I tell you those stories because the story of Jesus’s death wasn’t one that Joseph or Mary or Joanna or the other Mary could fix.  Now, this may be the first time you’ve ever thought about Easter beyond Peeps and Chocolate bunnies OR maybe it’s the 90th time you've heard the story and thought about Easter.  Either way… first time or 90th time… doesn’t matter… Jesus’s death is something WE can't solve or fix, no matter how well we know the story.  First time or 90th time...  we’re all in the same boat, Jesus’s death… all death… it’s beyond our ability to fix and frankly, I don’t like it.  I don’t like unsolved mysteries or unfixed problems.  I’m not happy that when Joseph of Arimathea took Jesus’s dead body off the cross, all he could do was lay it in a tomb and roll a stone in place.  That was all he could do.  He couldn’t fix it.  I don’t like that the women who stayed to the end, even after all the men had run off, returned with spices because getting his body ready for burial was all they could do.  They couldn’t stop his death and they couldn’t undo his death.  No matter how much effort they put in, they couldn’t fix it.  I don’t like a problem that can’t be fixed.  I don’t like an unsolved mystery.  

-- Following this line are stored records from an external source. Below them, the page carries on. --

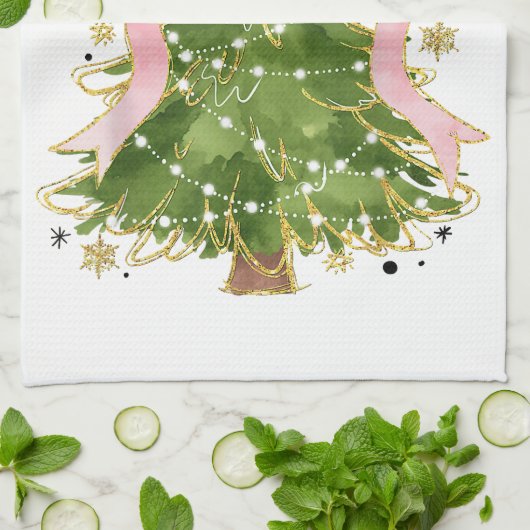 Coquette Bow Christmas Tree Holiday Giro Outfit W Geschirrtuch (Gefaltet)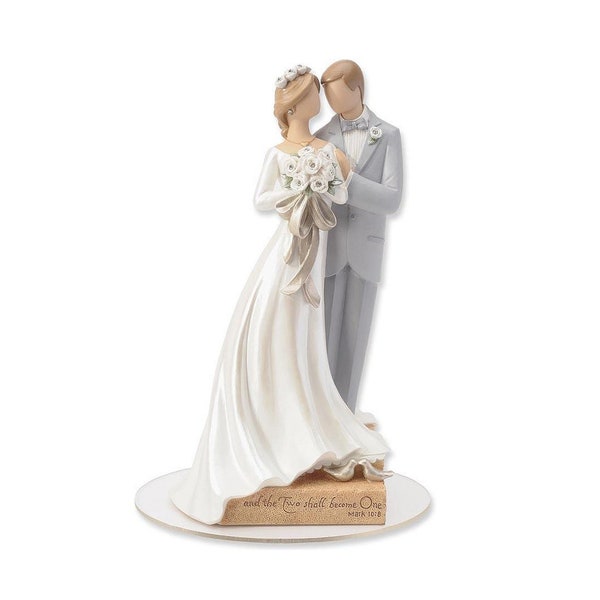 Legacy of Love Bride and Groom Wedding Cake Topper Figurine - Custom Painted Hair Color Available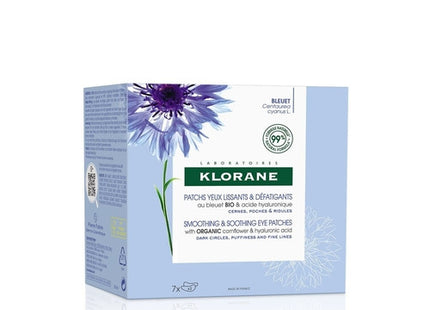 Klorane - Smoothing & Soothing Eye Patches with Organic Cornflower and Hyaluronic Acid | 7 x 2 pack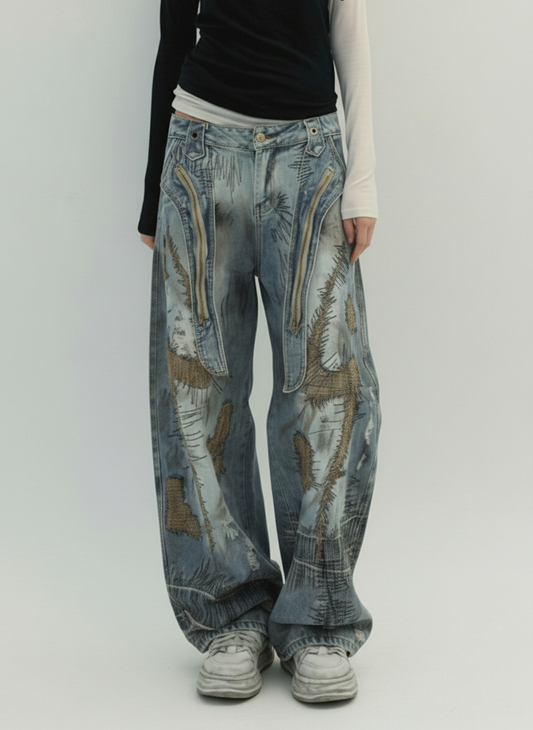 RO Style Washed Barrel Jeans - 2421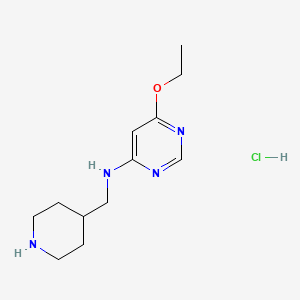 molecular formula C12H21ClN4O B3002675 6-Ethoxy-N-(piperidin-4-ylmethyl)pyrimidin-4-amine hydrochloride CAS No. 1353966-73-0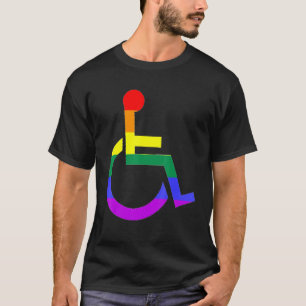 Camiseta Símbolo de silla de ruedas arco iris T-
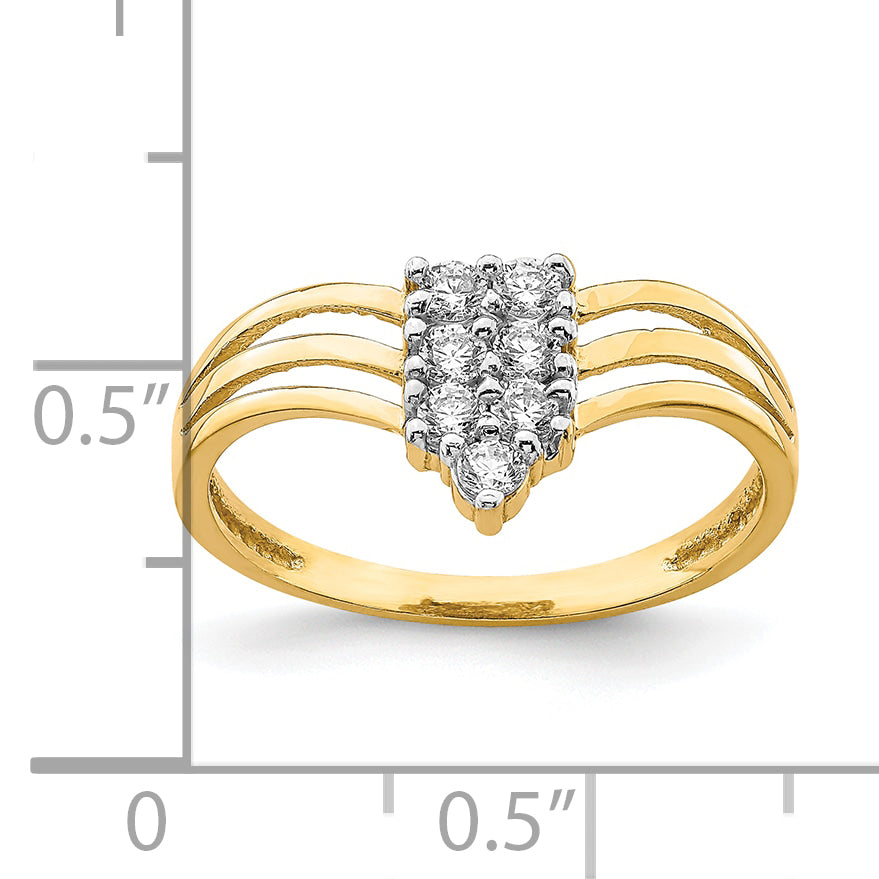 10K CZ 3-Line Ring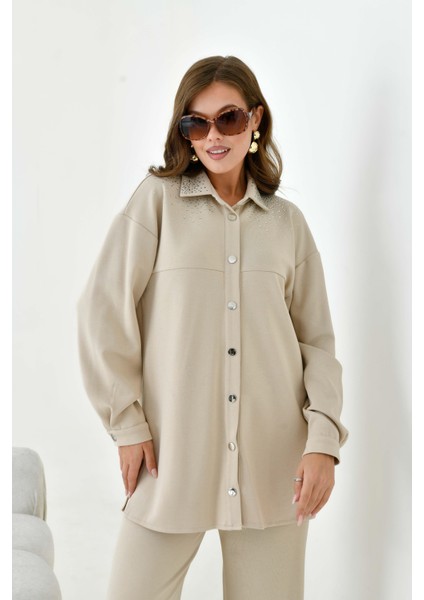 Kadın Taş Detaylı Takım Beige fırsatları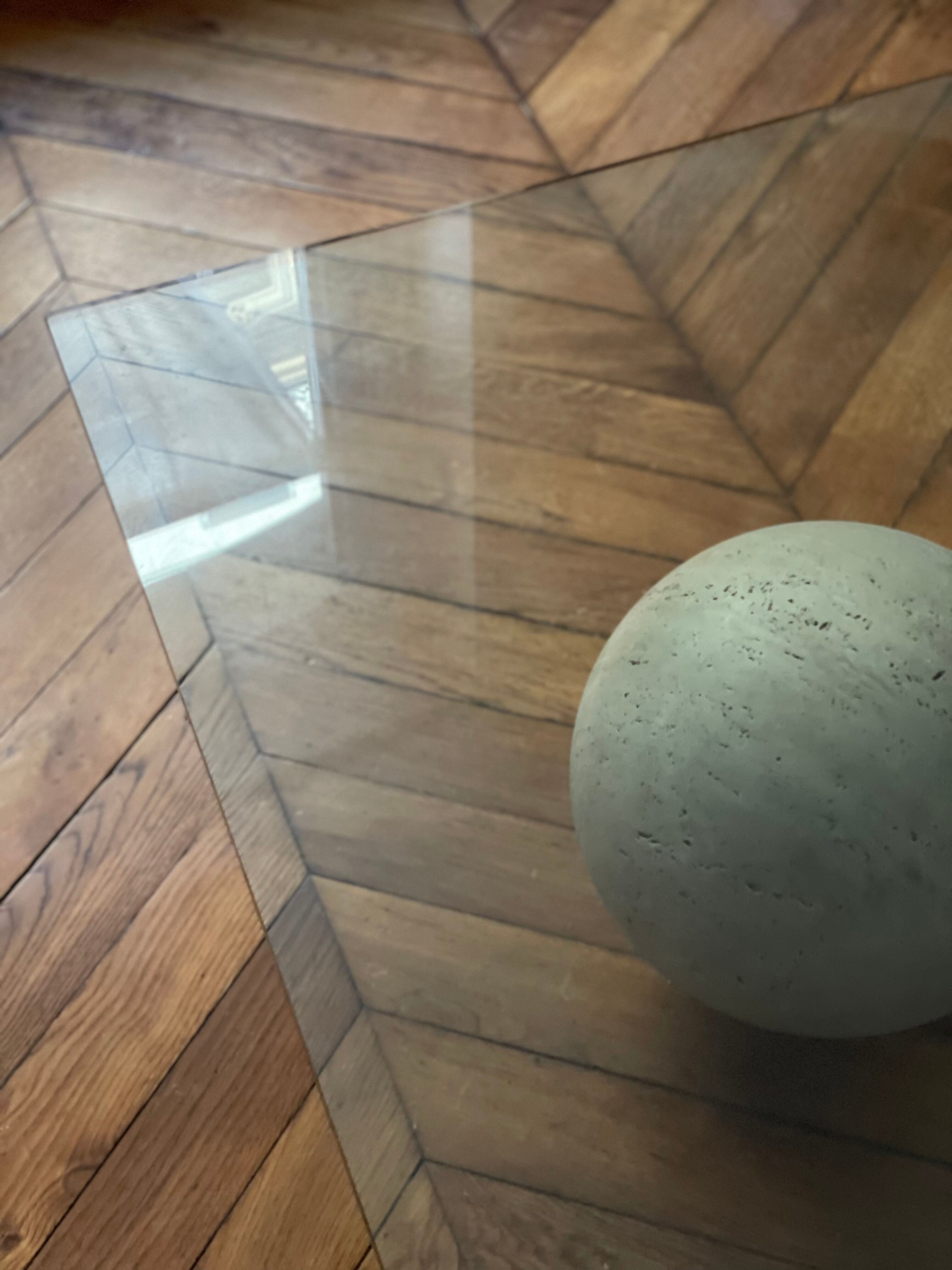 Vintage coffee table Italian design curved glass and travertine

But regardless how I feel about it, the truth of being a regular, mortal, human being is that while there is some work you and I can do to help transform the world’s brokenness into wholeness, despair into hope, illness into healing, addiction into sobriety, scarcity into abundance, fear into courage, death into life… the fullness, the completion, the wholeness of ANY of that kind of transformation is simply and annoyingly beyond us!  

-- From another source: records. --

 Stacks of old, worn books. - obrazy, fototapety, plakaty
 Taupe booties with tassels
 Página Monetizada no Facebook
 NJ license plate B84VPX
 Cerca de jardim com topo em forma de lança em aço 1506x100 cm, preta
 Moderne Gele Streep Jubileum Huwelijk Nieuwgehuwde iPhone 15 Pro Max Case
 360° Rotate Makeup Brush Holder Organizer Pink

And I don’t like it!  I want to fix it.  I want to figure it out!  But in the end, a full “fix” of any of that IS beyond us.  But here’s the Good News of Easter:  Even when we’ve done all we can… when we’ve reached the end, the bottom, that pitch, dark, hopeless place… when we can’t do anything more… when the ONLY thing we have left to do is gather some spices, put whatever or whoever is beyond our fixing into the tomb and roll a stone in place… the Good News of Easter is that God continues to be at work behind the stone!  People will fuss and fight and argue about HOW God is doing that work… is it literal or a metaphor, bodily or spiritual?  They'll say things like “atonement” and use other churchy words, but the honest folks will admit they have no idea how God works!  But for me, what REALLY matters is that God is working behind the stone... to bring healing when we get stuck in our brokenness, to bring courage when we get stuck in our fear, to bring abundance when we get stuck obsessing with scarcity, to bring us life when we get stuck in death.  

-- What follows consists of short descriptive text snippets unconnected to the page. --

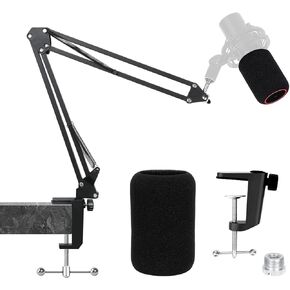 YOUSHARES Mic Boom Arm Stand - Boom Arm for HyperX QuadCast 2, QuadCast 2S, QuadCast, QuadCast S, Yeti, AM8, SM7B Gaming Mic and Most Microphones using 3/8" to 5/8" Adapter with QuadCast 2 Windscreen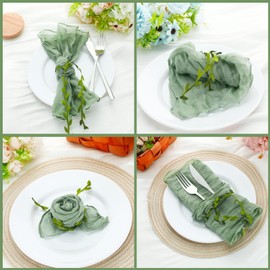HunnmingRe 80 Set Sage Green Cheesecloth Napkins with Napkins Ring 18 Gauze Sage Cloth Napkin Cotton Reusable Dinner Leaf Ribbon Rustic Linen Table for Wedding Baby Shower Event Party(Sage Green)
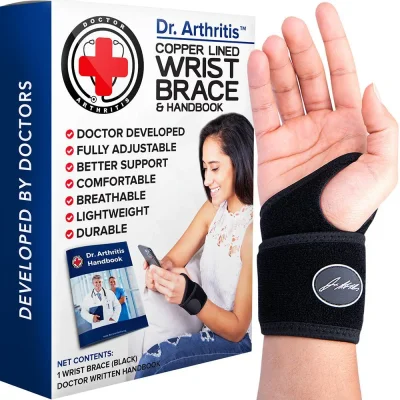 Copper Lined Bowling Wrist Brace + Exclusive Dr. Arthritis Handbook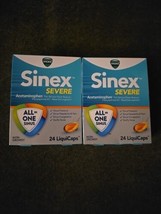 2 Vicks Sinex SEVERE All-In-1 Sinus Pressure Pain Congestion LiquiCaps 24 Ct - £17.54 GBP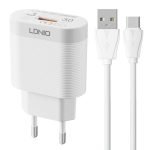 Wall charger LDNIO A303Q USB 18W + USB-C cable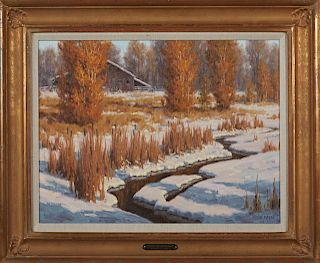 Charles John Fritz (1955- , Montana,) "Cattails Up Duck Creek," 20th c., oil on canvas, signed lower right, titled on brass nameplate, presented in a 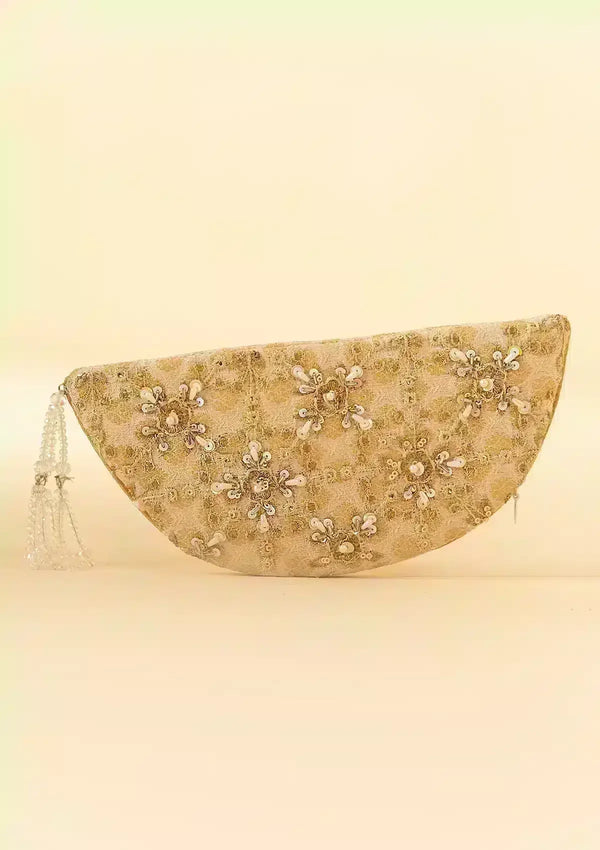 AIK Beige Jamawar Clutch - Waniyas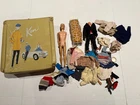 VINTAGE 1960s Mattel Barbie KEN Vinyl Carrying Case Doll & Clothes Lot Group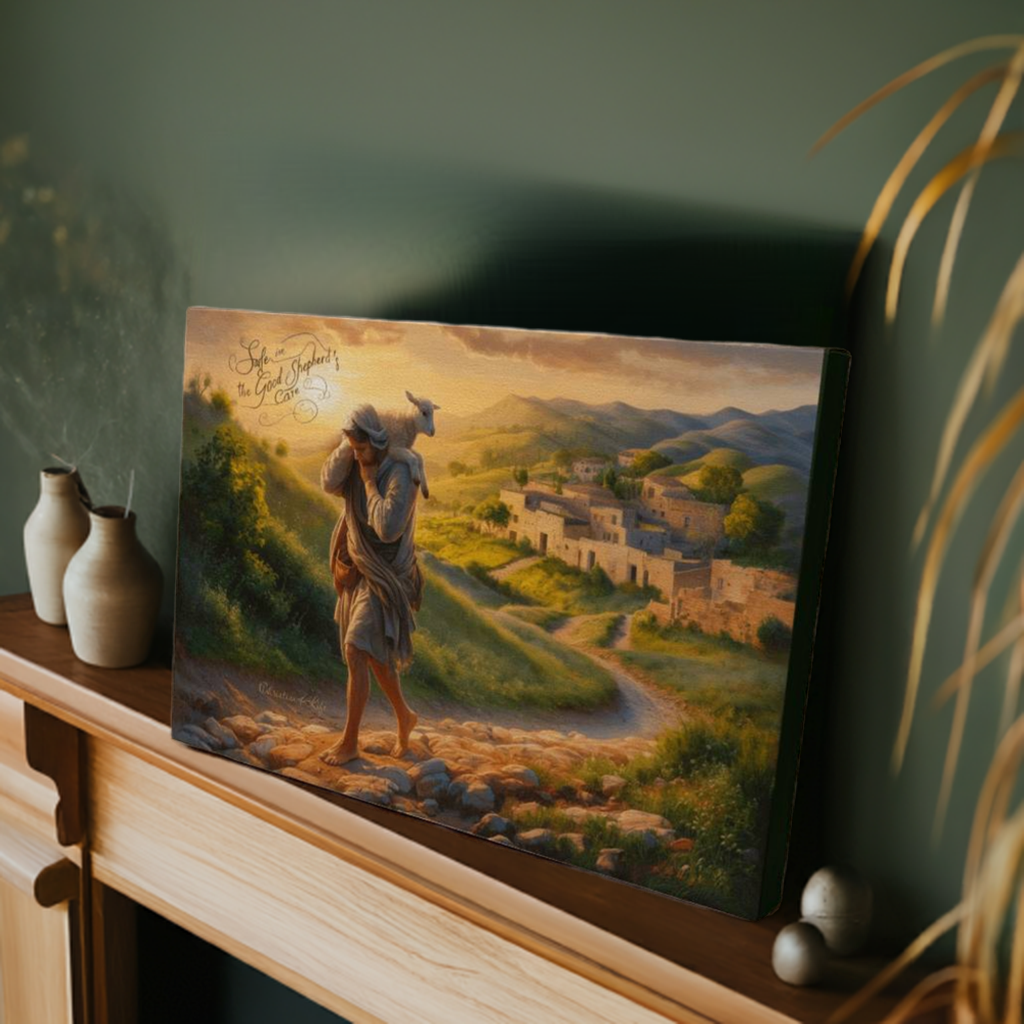 "Safe in the Good Shepherd's care" Gallery Wrapped Christian Wall Art Canvas (3:2)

You see, God is determined to have you and me and this entire world transformed from the broken, divided, fearful, desperate and dying place it seems too often to be, into the unified, whole, interconnected, courageous, hope filled, living creation that God is insisting it become.

As disciples, God is calling you and me on this side of the stone, to be at work as the living Body of Christ… God’s hands, feet, heart and mind, walking and working like Jesus did... doing everything we can to heal the broken, bind up the wounded, feed the hungry and comfort the fearful... God is calling us to do nothing less than challenge and change the world.  But God is also reminding you and me on this Easter, just like every Easter, no matter if this is your first Easter or your ninety first, that when we get stuck in that work… and we will get stuck... even Jesus, got stuck on Good Friday.  When we can do nothing more… when we’ve done all we can and have reached the bottom and find ourselves at the end of the road, terribly and horribly stuck… this Easter, just like every Easter, God is reminding us to not lose hope, but to do what we can, even if all we can do is put it into the tomb and roll the stone in place.  BUT THEN God reminds us to hold on to the promise of Easter, because that promise is that God continues to be at work transforming all that is beyond our fixing or figuring, transforming all things from broken to whole and from death into life on the other side of that stone.  Thanks be to God!  Amen.